Add support for AIS batch loading for ASR audio processing

gaikwadabhishek · gaikwadabhishek · commit cbae6c3e0d14 · 2025-11-20T18:41:39.000-08:00
* Introduced environment variable USE_AIS_GET_BATCH to toggle AIS batch loading.
* Updated PromptedAudioToTextLhotseDataset to utilize AISBatchLoader when enabled.
* Modified LazyNeMoTarredIterator to handle URL-based recordings when AIS batch loading is active.

Implement URL-based audio loading using AIStore's Get-Batch API to improve
data pipeline efficiency. This allows batch fetching of multiple audio files
without local tar archive extraction, offloading processing to AIStore.

Signed-off-by: Abhishek Gaikwad &lt;gaikwadabhishek1997@gmail.com&gt;
diff --git a/nemo/collections/asr/data/audio_to_text_lhotse_prompted.py b/nemo/collections/asr/data/audio_to_text_lhotse_prompted.py
@@ -11,6 +11,7 @@
 # WITHOUT WARRANTIES OR CONDITIONS OF ANY KIND, either express or implied.

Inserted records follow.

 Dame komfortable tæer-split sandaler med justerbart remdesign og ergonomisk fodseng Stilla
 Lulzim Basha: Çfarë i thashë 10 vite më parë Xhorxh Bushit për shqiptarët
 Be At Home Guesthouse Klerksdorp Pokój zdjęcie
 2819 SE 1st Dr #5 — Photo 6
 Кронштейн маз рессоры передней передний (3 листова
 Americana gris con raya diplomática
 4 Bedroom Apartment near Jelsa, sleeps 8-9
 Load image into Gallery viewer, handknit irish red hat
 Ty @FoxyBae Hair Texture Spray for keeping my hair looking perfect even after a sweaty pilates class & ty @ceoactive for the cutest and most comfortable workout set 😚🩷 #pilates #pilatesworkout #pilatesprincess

 # See the License for the specific language governing permissions and
 # limitations under the License.
+import os
 from dataclasses import dataclass
 from typing import Optional, Union
 
@@ -66,6 +67,11 @@ class PromptedAudioToTextLhotseDataset(torch.utils.data.Dataset):
     If `enable_chunking` is True, each audio sample is split into optimally sized chunks
     (see `find_optimal_chunk_size` and `chunk_waveform`). This is useful for long audio inputs,
     allowing the model to process them in manageable segments.
+
+    NOTE:
+    If the environment variable `USE_AIS_GET_BATCH` is set to `true` (case-insensitive),
+    then batch audio loading from AIStore will be enabled for this dataset. This will use the
+    AISBatchLoader to load the audio from AIStore. This can improve data loading efficiency in some setups.
     """
 
     def __init__(
@@ -76,12 +82,28 @@ def __init__(
     ):
         super().__init__()
         self.tokenizer = tokenizer
-        self.load_audio = AudioSamples(fault_tolerant=True)
+        self.use_ais_get_batch = os.environ.get("USE_AIS_GET_BATCH", "False").lower() == "true"
+
+        # Try to use use_batch_loader if available (Lhotse >= 1.32.0)
+        try:
+            self.load_audio = AudioSamples(fault_tolerant=True, use_batch_loader=self.use_ais_get_batch)

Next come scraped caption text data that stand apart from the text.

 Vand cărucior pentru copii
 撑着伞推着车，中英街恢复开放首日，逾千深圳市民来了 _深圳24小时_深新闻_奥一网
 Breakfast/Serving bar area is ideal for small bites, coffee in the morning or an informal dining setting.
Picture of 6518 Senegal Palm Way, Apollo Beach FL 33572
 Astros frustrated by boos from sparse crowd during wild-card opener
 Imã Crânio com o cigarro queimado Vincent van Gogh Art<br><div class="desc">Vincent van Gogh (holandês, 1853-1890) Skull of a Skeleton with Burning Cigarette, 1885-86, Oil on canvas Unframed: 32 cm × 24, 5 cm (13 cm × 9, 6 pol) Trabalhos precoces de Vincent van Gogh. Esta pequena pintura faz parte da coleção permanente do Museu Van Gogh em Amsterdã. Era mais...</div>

+        except TypeError:
+            # Lhotse < 1.32.0 doesn't support use_batch_loader
+            if self.use_ais_get_batch:
+                import logging
+
+                logging.warning(
+                    "AIS batch loading requested but not supported by this Lhotse version. "

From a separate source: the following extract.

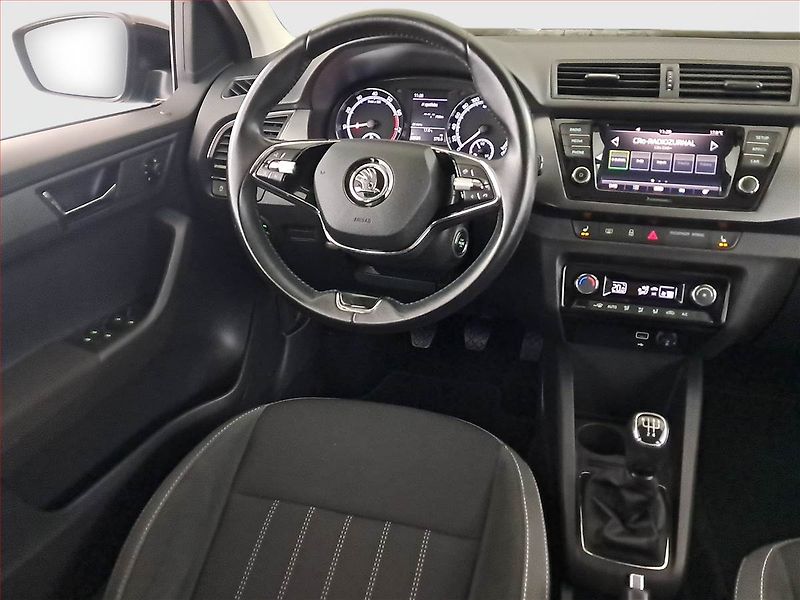 Škoda Fabia (2021) Style 1.0 TSI, Serv.kniha - fotka 7 z 16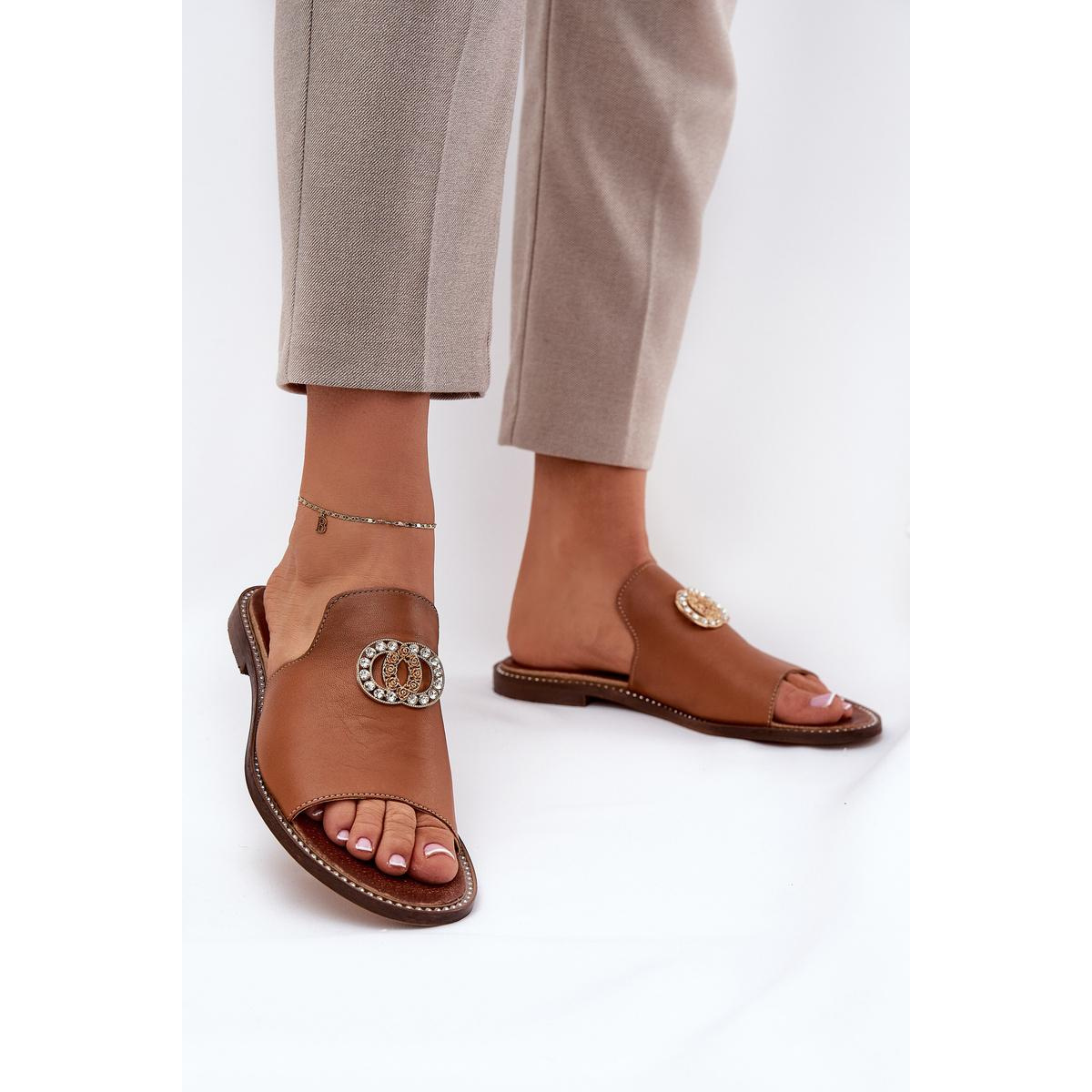 Elegantné Dámske Kožené Pantofle S Dekoráciou Zazoo 3008 Camel - Odtiene hnedej a béžovej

+                    "Please upgrade to Lhotse >= 1.32.0"
+                )
+            self.load_audio = AudioSamples(fault_tolerant=True)
+
         self.padding_value = self.tokenizer.pad_id
         self.prompt = prompt
         self.enable_chunking = enable_chunking
 
     def __getitem__(self, cuts: CutSet) -> PromptedAudioToTextMiniBatch:
+        # Load the audio's from AIS and add them to the CutSet
         audio, audio_lens, cuts = self.load_audio(cuts)
 
         # Will work if batch_size is set to 1.
diff --git a/nemo/collections/common/data/lhotse/nemo_adapters.py b/nemo/collections/common/data/lhotse/nemo_adapters.py
@@ -12,6 +12,7 @@
 # See the License for the specific language governing permissions and
 # limitations under the License.
 
+import os
 import random
 import re
 import tarfile
@@ -331,6 +332,7 @@ def __init__(
         self.slice_length = slice_length
         self.epoch = 0
         self._validate()
+        self.use_ais_get_batch = os.environ.get("USE_AIS_GET_BATCH", "False").lower() == "true"
 
     def to_shards(self) -> List["LazyNeMoTarredIterator"]:
         """Convert this iterator to a list of separate iterators for each shard."""
@@ -426,29 +428,62 @@ def basename(d: dict) -> str:
 
             shard_manifest: dict[str, list[dict]] = groupby(basename, self.shard_id_to_manifest[sid])
             tar_path = self.shard_id_to_tar_path[sid]
-            try:
-                for data, raw_audio, tar_info in self._iter_sequential(tar_path, shard_manifest, manifest_path, rng):
-                    try:
-                        meta = soundfile.info(BytesIO(raw_audio))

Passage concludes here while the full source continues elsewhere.